Servant is set primarily within the confines of the Turners’ opulent pre-war brownstone, where Ambrose’s Dorothy is a hollow wall hidden behind a thin veneer of slowly cracking floral wallpaper. The trauma she’s faced is unfathomable and has carved a hole in her heart. But with an unwavering smile and piercing eyes, she attempts to mask her character’s true emotions behind perfectly coiffed hair and designer dresses so you don’t see how quickly she’s falling apart.

That she grows so hyper manic while attempting to act normal only puts her breakdown in a clearer spotlight. In her mind, Jericho never died, so she’s nothing but a young mother trying to balance her life and have it all. But Dorothy exists in a constant state of denial, and Ambrose plays her as always being on the cusp of remembering what happened to her son. This push-and-pull of emotions creates the necessary friction for the scenes where Dorothy finally explodes, like when her family attempts to wake her up to Jericho’s fate at the end of the first season.

Building a performance as harrowing and dynamic as this meant Ambrose had to walk a tightrope into not letting her character become a gross exaggeration of someone struggling with traumatic grief. As she told Backstage:

“How do you make sense of all of those catatonic moments and all of the mania? I don’t know if that’s necessarily in the script…I didn’t do it from an outside-in way of what it looked like. It was more just trying to navigate the mask she wears.”

The mask Dorothy wears is the lies she tells herself about the death of her son. It’s why she, in her heightened emotional state, often acts in a way that feels forced, or unrealistic. That’s not Ambrose the actor pushing out these emotions, it’s Dorothy the character. There’s an unsteady conviction about what happened to Jericho building pressure within Dorothy that’s constantly on the verge of boiling over, and she tries to compensate for these complex emotions by acting like everything is fine.
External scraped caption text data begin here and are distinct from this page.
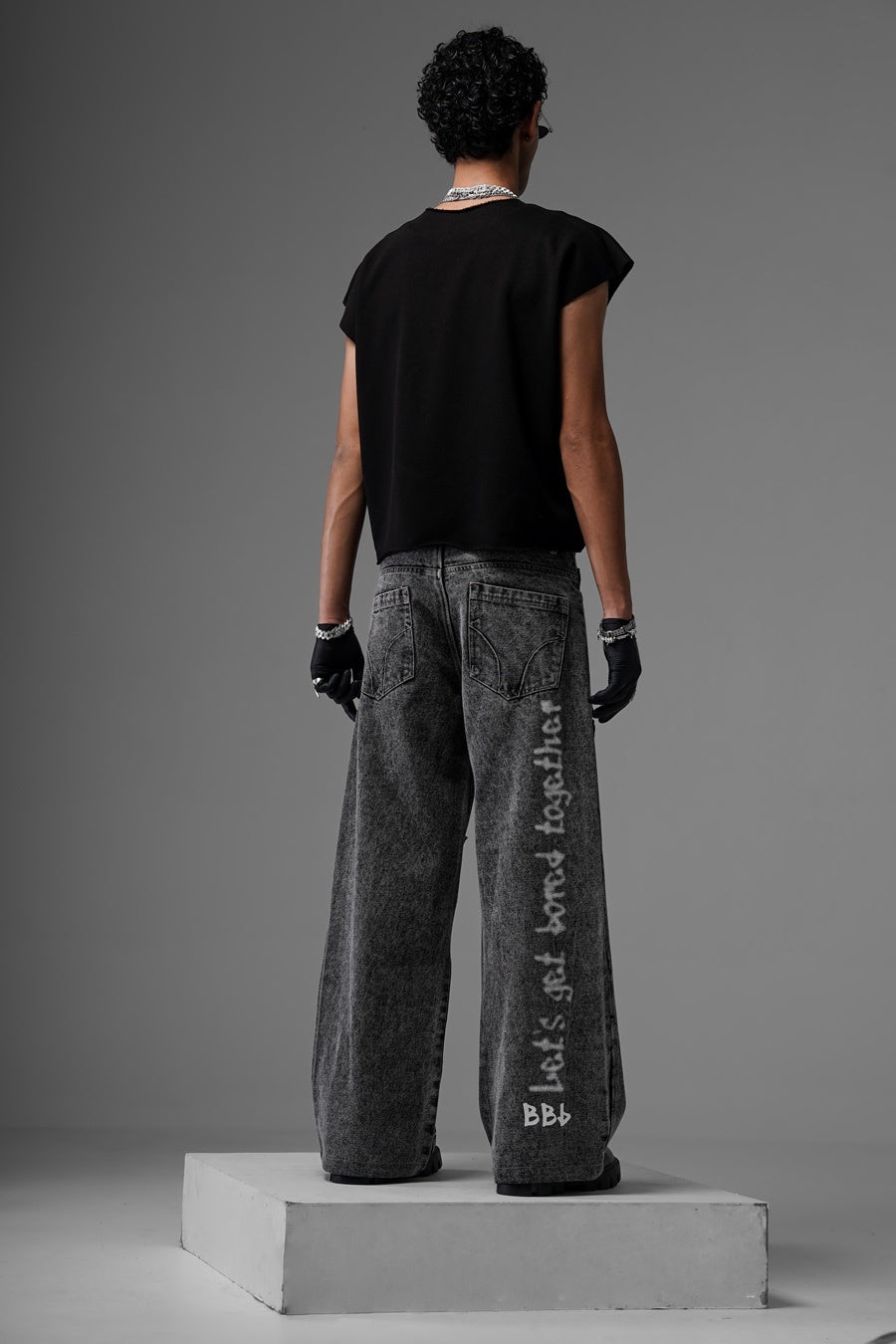 Rebel Graffiti Grey Denims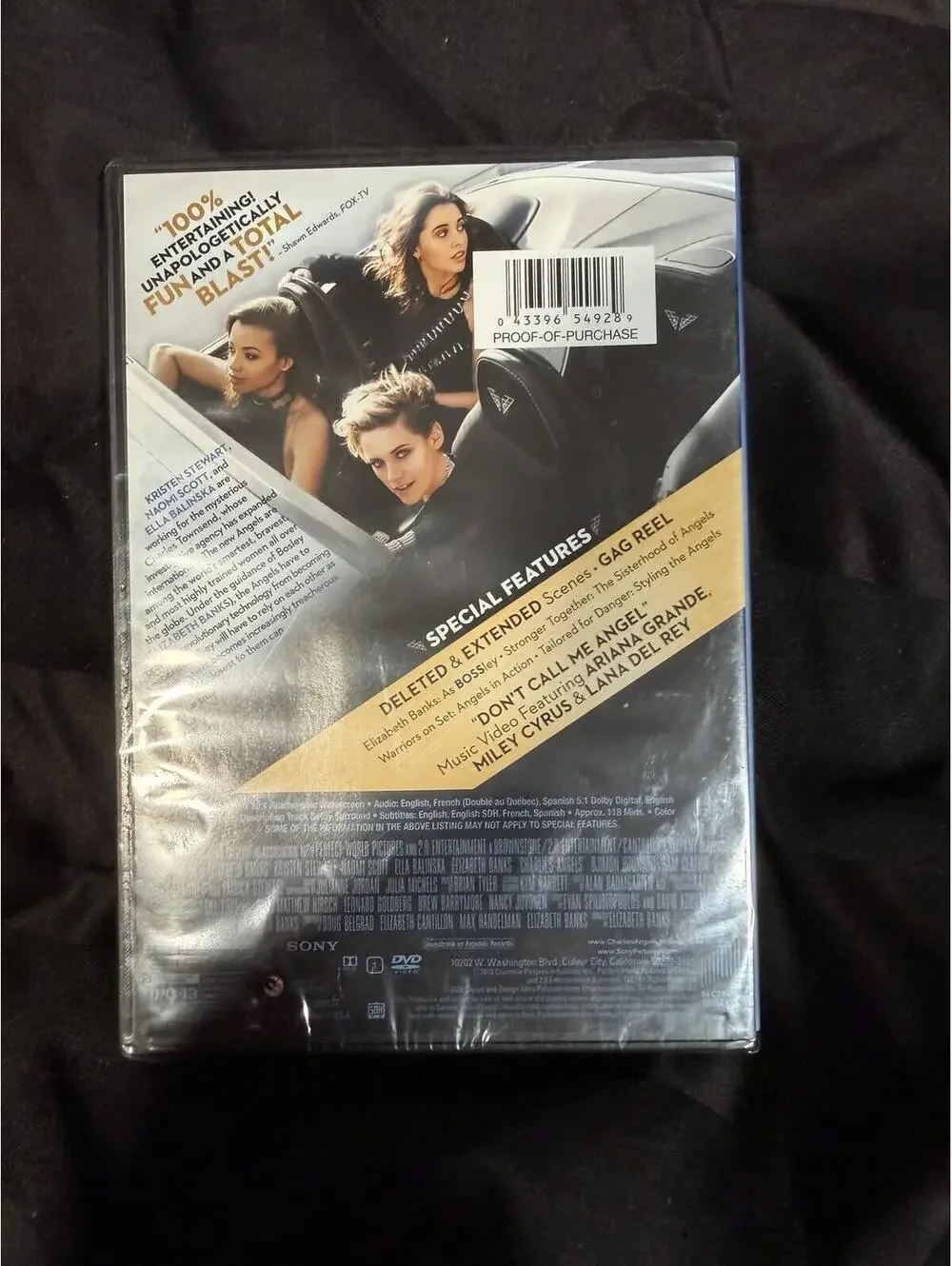 Charlie’s‎ Angels 2019 DVD New Sealed Kristen Stewart Naomi Scott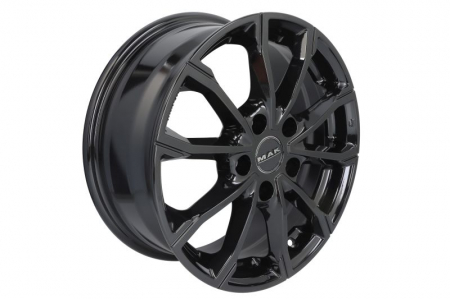 Anvelope si Jante - Janta aluminiu 6,5x16, 5x114,3, CH 66,1, ET: 50 model MAK DaVinci, Negru Lucios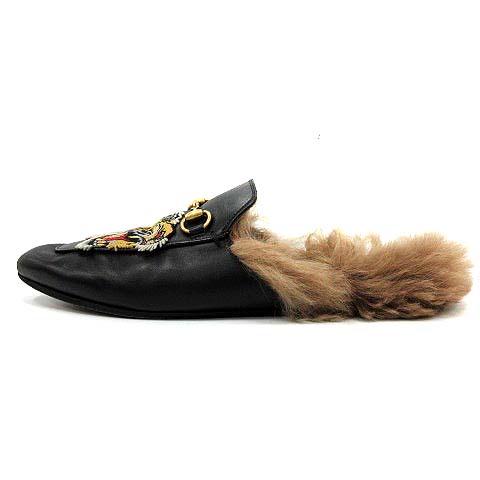 グッチ GUCCI プリンスタウン PRINCETOWN タイガー ビット ファー 
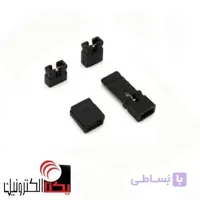 جامپر مشکی باز بافاصله پایه 2.54 میلی متر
But because Dorothy’s trauma has her so keyed up, she hardly fools anyone.

One could argue that in Servant, Ambrose treads the line of being over the top, but she’s so emotionally grounded that it’s difficult to point to a single moment that feels disingenuous. The actions she takes feel motivated by a woman struggling with a devastating trauma, not by actorly choices meant to convey an abstract idea dynamically.

Ambrose puts herself through an emotional ringer to become Dorothy, but the most surprising — and compelling — aspect of her performance is how she finds such darkly riotous humor in her character’s downward spiral. As Shyamalan told Backstage:

“It was hysterical and it was effortless and tragic and yet super, super funny. Others who were auditioning were tentative about the mania part of it, about the kind of over-the-topness. But Lauren tripled down on it. She just went for it and imbued every single moment, even the ones that weren’t written that way, with that kind of vibrating pain. That translated into these kinds of pyrotechnics that you’re watching her do.”

The humor behind Dorothy’s pain is where Ambrose truly gets to shine. She gives the character these remarkably entertaining facial expressions — whether it’s in abject rage at Leanne or her utter devotion towards Jericho — that feel like they’re teetering on the brink of mugging to the camera.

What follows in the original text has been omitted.